Finalement, ce qui compte pour nous, c’est tout ça : le fond, la réflexion qu’on a eue sur ce qu’on voulait de meilleur pour nos enfants. Et après tout, tout ce qu’on a fait à côté – portage en écharpe, cododo, couches lavables, etc – ne sont que des outils. C’est malheureusement souvent cela qui fait cliché et qui fait qu’on catalogue négativement le maternage en France…

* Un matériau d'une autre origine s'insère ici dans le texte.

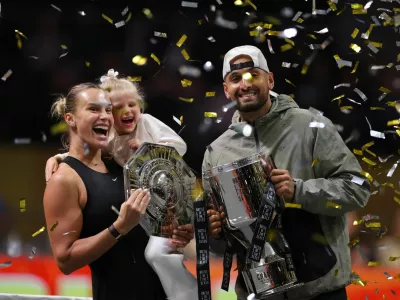 Tennis - 'Battle of the Sexes' - Nick Kyrgios v Aryna Sabalenka - Coca-Cola Arena, Dubai, United Arab Emirates - December 28, 2025 Belarus' Aryna Sabalenka, her goddaughter Nicole, and Australia's Nick Kyrgios celebrate with trophies after the match REUTERS/Amr Alfiky/Pool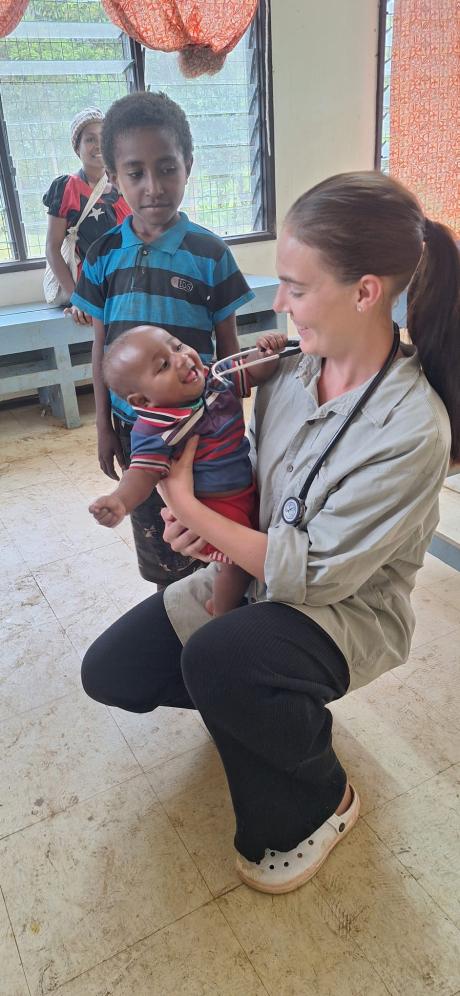 Sara holding an infant with Loni standing in the background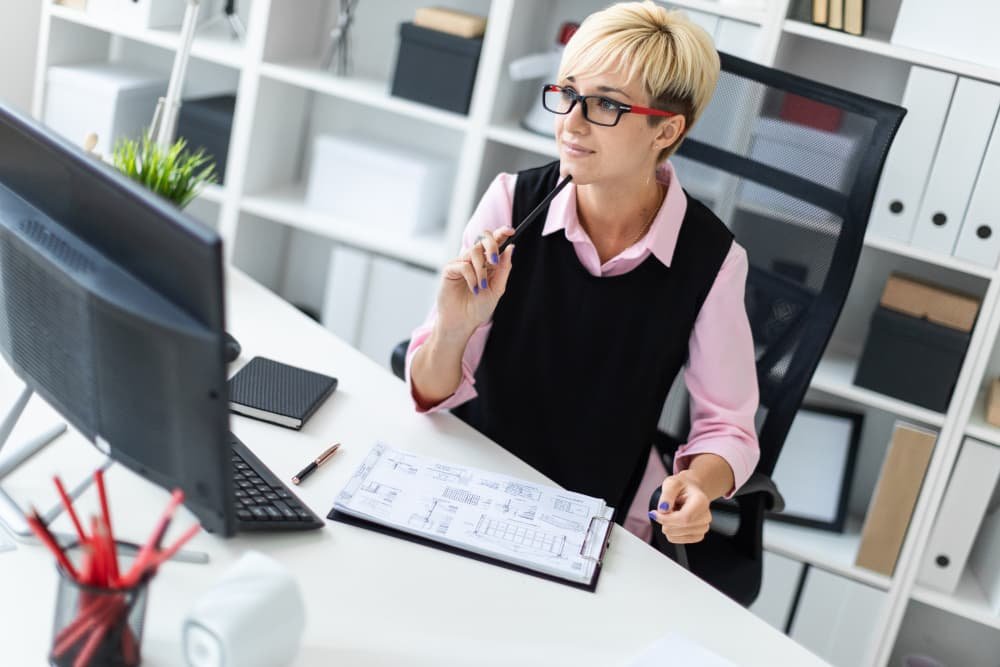 Une jeune fille est assise à un bureau dans le bureau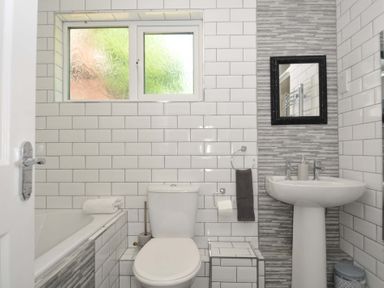 A bathroom with a toilet sink and bathtub with tiled walls at 59 Valley Lodge in Callington near Gunnislake
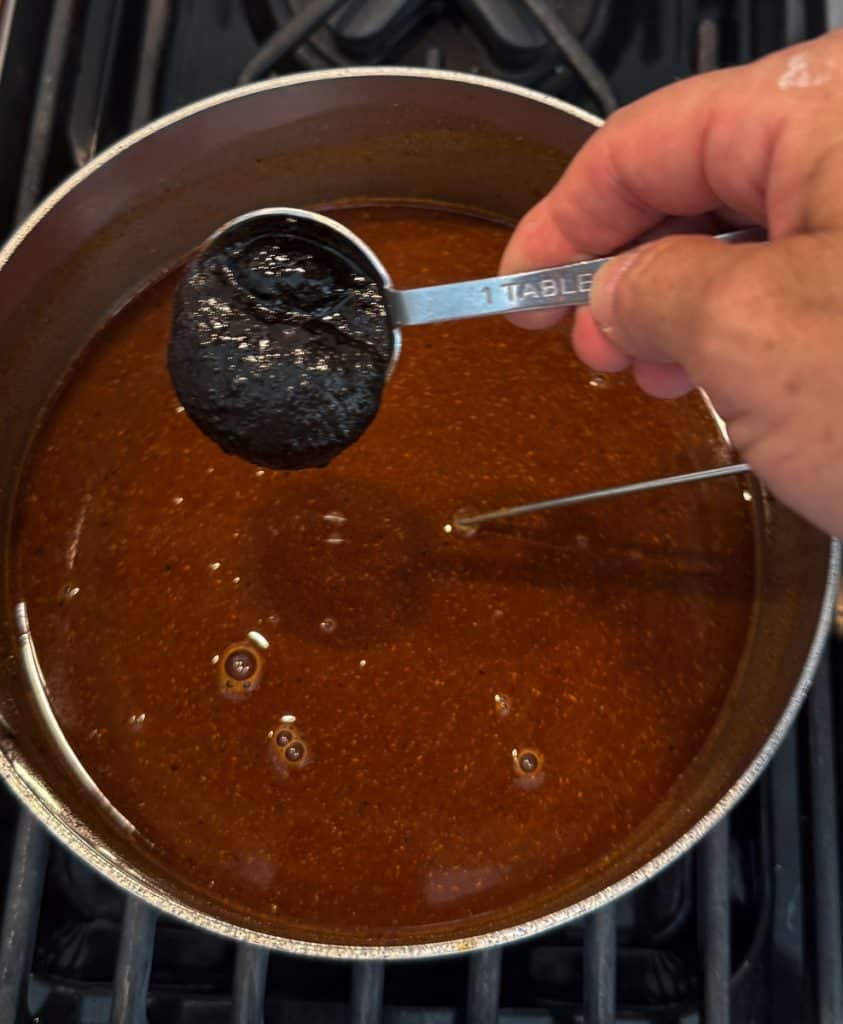 hand holding a tablespoon is adding beef bouillon to the red enchilada sauce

En espérant avoir fait découvrir quelque chose, sans vouloir convertir personne…

 

4 Commentaires

  1.  
    BUARD JP MJ
    BUARD JP MJ écrit:

    Merci de faire partager votre magnifique expérience de jeunes parents et surtout votre expression sur la manière d’être parents et avec déjà grand succés. Pour notre génération la femeté était la méthode la plus partagée! Nous avons eu la chance que nos parents appliquaient déjà avec leur simple bon sens une méthode douce où l’enfant que nous étions avait toute sa place en tant que personne et sans violence .

  2.  
    mamini
    mamini écrit:

    bravo ma fille ! j’adhère ! <3

  3.  
    Sabrina
    Sabrina écrit:

    Merci Mamanbibou ! J’apprécie tes conseils toujours très réfléchis. Mais pas facile de se faire entendre, pour les grands-parents de ma puce, les pleurs ne sont dus qu’à trois possibilités soient la faim, la fatigue ou le caprice… Ce qui me terrifie c’est le réflexe répandu : pleurs = sucette dans la bouche…

  4.  
    Marinelfe
    Marinelfe écrit:

    Je suis bien d’accord… Mais hélas, c’est vraiment dur de s’y tenir… Et vos réflexions sont ma foi d’une évidence absolue! Je vais d’ailleurs de ce pas tester la méthode « caresse » au lieu de « tape/tire les cheveux »… Corentin a cette tendance (et c’est surtout sa soeur qui en fait les frais) et pas évident de trouver toujours le pourquoi, ni de trouver comment faire pour l’aider a changer se comportement :) Je vais donc continuer mes achats de livres utiles et pratique pour parents (j’ai commence Filliozat et j’ai déjà changer certaines choses! Hâte maintenant que mon homme s’y mette… et s’est pas gagné!!!)